120 years ago, the Curies discovered Radium. However, it was adopted in watches during the first World War. In the early 20th century, Radium was usually used to coated the hands and hour markers. It is the earliest luminescent material. Although the radioactivity of Radium was proved to be harmful to humans in 1920s, it still was the only luminescent material in watchmaking industry.
The first generation of Rolex Submariner fake watch with steel case adopted Radium as its luminescent material too.
Rolex gave up the Radium due to the security problem in 1963. It changed to Tritium. The half-life of cockroaches is only 12 years, so after decades, its luminous life is running low.
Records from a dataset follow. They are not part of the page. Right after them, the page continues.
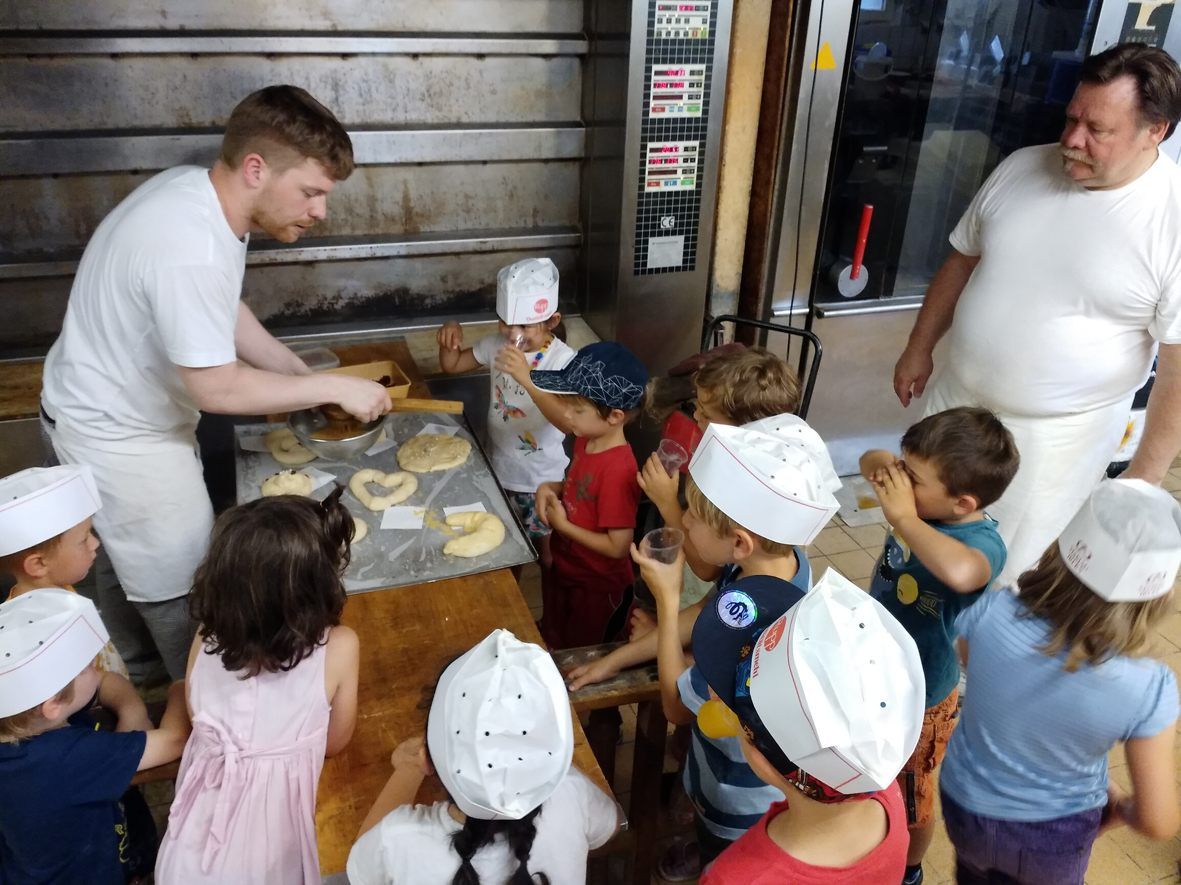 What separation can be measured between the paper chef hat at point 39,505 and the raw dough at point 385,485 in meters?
0.71

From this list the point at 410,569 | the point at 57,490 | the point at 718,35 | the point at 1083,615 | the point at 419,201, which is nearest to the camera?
the point at 1083,615

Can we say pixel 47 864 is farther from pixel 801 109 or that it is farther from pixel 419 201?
pixel 801 109

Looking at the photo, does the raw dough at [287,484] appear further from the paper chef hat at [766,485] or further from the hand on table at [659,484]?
the paper chef hat at [766,485]

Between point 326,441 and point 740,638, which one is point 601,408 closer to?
point 326,441

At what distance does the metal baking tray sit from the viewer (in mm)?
2143

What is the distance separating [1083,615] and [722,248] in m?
2.47

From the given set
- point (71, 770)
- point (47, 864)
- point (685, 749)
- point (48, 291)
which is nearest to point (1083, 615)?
point (685, 749)

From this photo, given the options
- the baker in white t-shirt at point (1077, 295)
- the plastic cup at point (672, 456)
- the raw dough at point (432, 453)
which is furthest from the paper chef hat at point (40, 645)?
the baker in white t-shirt at point (1077, 295)

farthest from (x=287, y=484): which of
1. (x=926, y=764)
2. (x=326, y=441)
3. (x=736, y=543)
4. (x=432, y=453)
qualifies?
(x=926, y=764)

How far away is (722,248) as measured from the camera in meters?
3.66

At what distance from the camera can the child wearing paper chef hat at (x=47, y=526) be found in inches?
67.6

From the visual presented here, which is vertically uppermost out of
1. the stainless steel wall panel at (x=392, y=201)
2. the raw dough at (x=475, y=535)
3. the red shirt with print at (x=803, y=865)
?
the stainless steel wall panel at (x=392, y=201)

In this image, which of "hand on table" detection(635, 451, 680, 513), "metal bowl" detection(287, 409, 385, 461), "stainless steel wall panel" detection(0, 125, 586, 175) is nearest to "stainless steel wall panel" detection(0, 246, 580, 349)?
"stainless steel wall panel" detection(0, 125, 586, 175)

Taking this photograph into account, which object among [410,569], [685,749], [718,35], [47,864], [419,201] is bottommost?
[685,749] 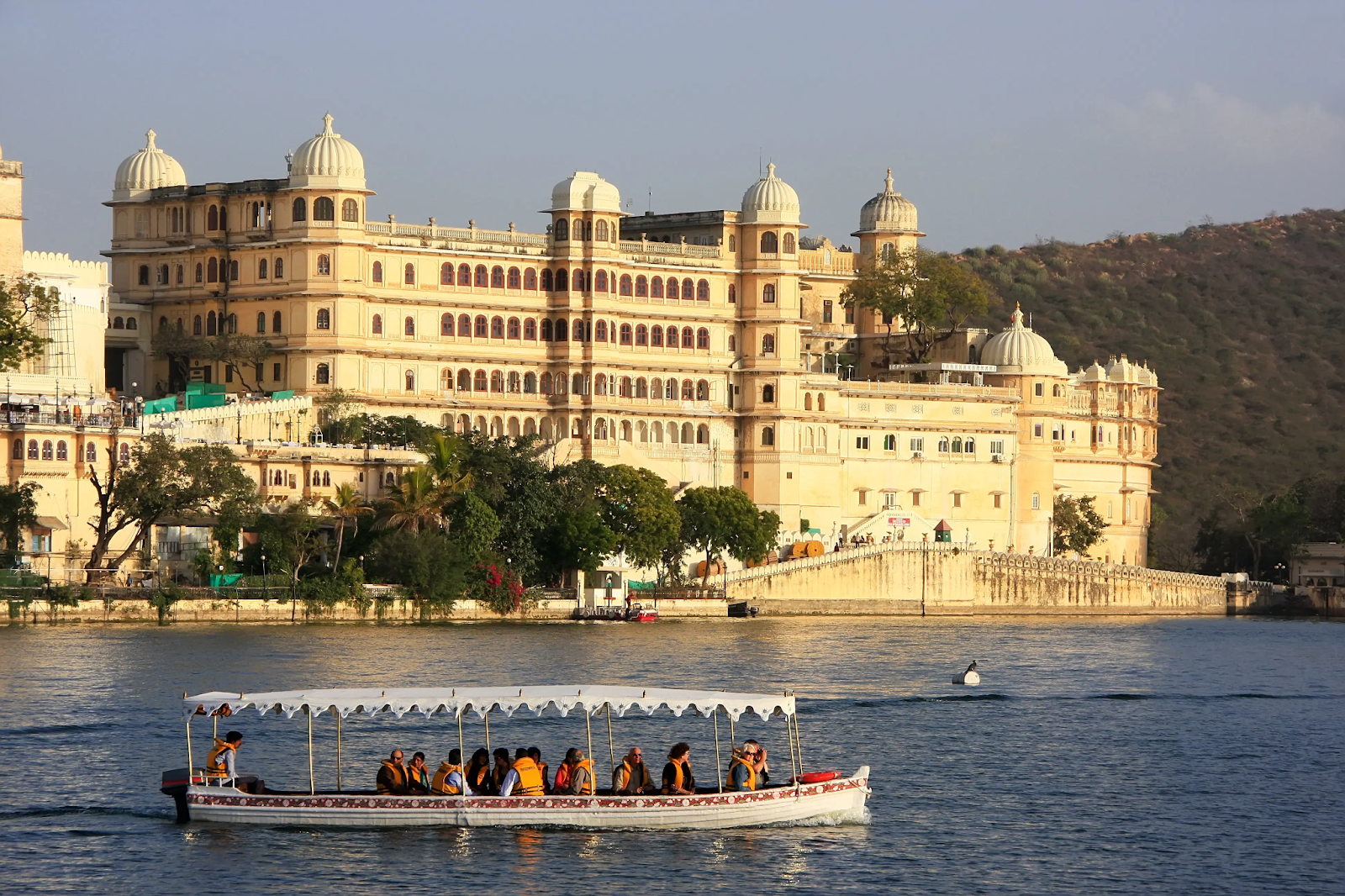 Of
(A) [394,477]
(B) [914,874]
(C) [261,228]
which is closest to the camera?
(B) [914,874]

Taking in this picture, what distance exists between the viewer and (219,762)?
46.2 m

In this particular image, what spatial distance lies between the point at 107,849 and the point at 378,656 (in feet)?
104

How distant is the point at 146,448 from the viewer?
92.2 m

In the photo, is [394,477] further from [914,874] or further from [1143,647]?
[914,874]

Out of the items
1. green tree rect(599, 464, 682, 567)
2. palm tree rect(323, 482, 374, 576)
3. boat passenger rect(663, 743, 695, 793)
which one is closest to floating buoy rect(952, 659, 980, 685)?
palm tree rect(323, 482, 374, 576)

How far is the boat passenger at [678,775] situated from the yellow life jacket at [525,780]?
2234 mm

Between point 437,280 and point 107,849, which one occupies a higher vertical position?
point 437,280

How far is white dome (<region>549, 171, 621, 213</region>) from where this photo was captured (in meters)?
115

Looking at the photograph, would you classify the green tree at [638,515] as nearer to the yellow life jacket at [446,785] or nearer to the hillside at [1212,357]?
the hillside at [1212,357]

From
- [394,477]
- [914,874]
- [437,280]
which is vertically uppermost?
[437,280]

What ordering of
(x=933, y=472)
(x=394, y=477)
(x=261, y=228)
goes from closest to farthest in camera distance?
1. (x=394, y=477)
2. (x=261, y=228)
3. (x=933, y=472)

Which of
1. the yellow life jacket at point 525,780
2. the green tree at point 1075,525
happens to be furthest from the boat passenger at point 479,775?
the green tree at point 1075,525

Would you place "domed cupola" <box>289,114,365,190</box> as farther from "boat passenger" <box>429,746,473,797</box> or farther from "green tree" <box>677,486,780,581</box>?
"boat passenger" <box>429,746,473,797</box>

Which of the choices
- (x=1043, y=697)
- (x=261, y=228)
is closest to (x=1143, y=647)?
(x=1043, y=697) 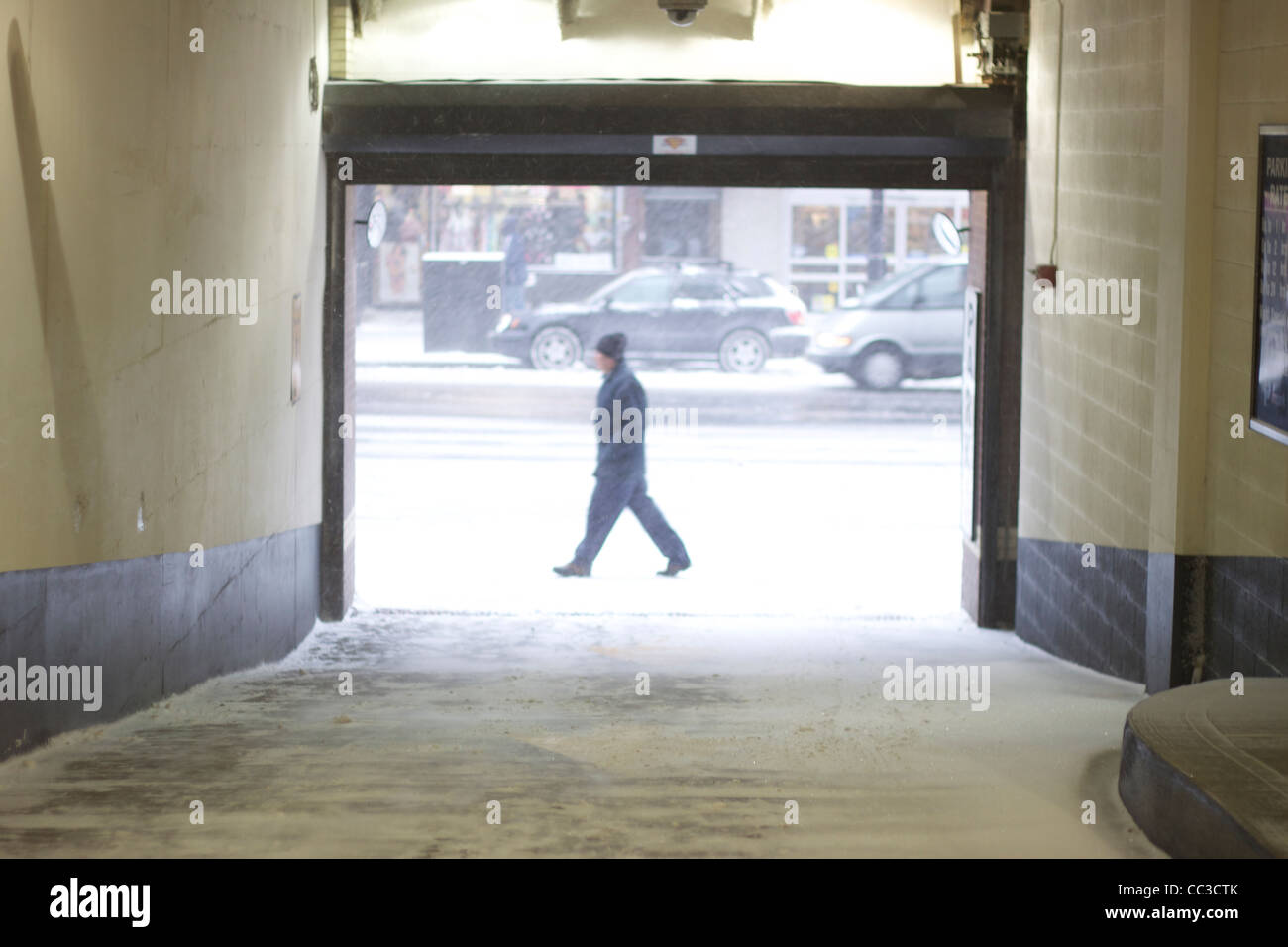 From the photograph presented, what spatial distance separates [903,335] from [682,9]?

But what’s interesting is that the hour markers are gradually yellowing after years of baptism. If it is not surrounded by gold, it is highly sought after today.
- Super LumiNova
Rolex kept finding the better representative material always. In 1998, it adopted the Super LumiNova, which is Photoluminescent, offering longer lifetime than Tritium. The last generation of Rolex Submariner was used the Super LumiNova. See the picture please, the popular copy Rolex exudes charming green light at dark night.
The current Submariner has used the Chromalight, which took place of Super-LumiNova in 2008. It was firstly used on Deepsea. Chromalight exudes blue light instead of the green light of Luminova.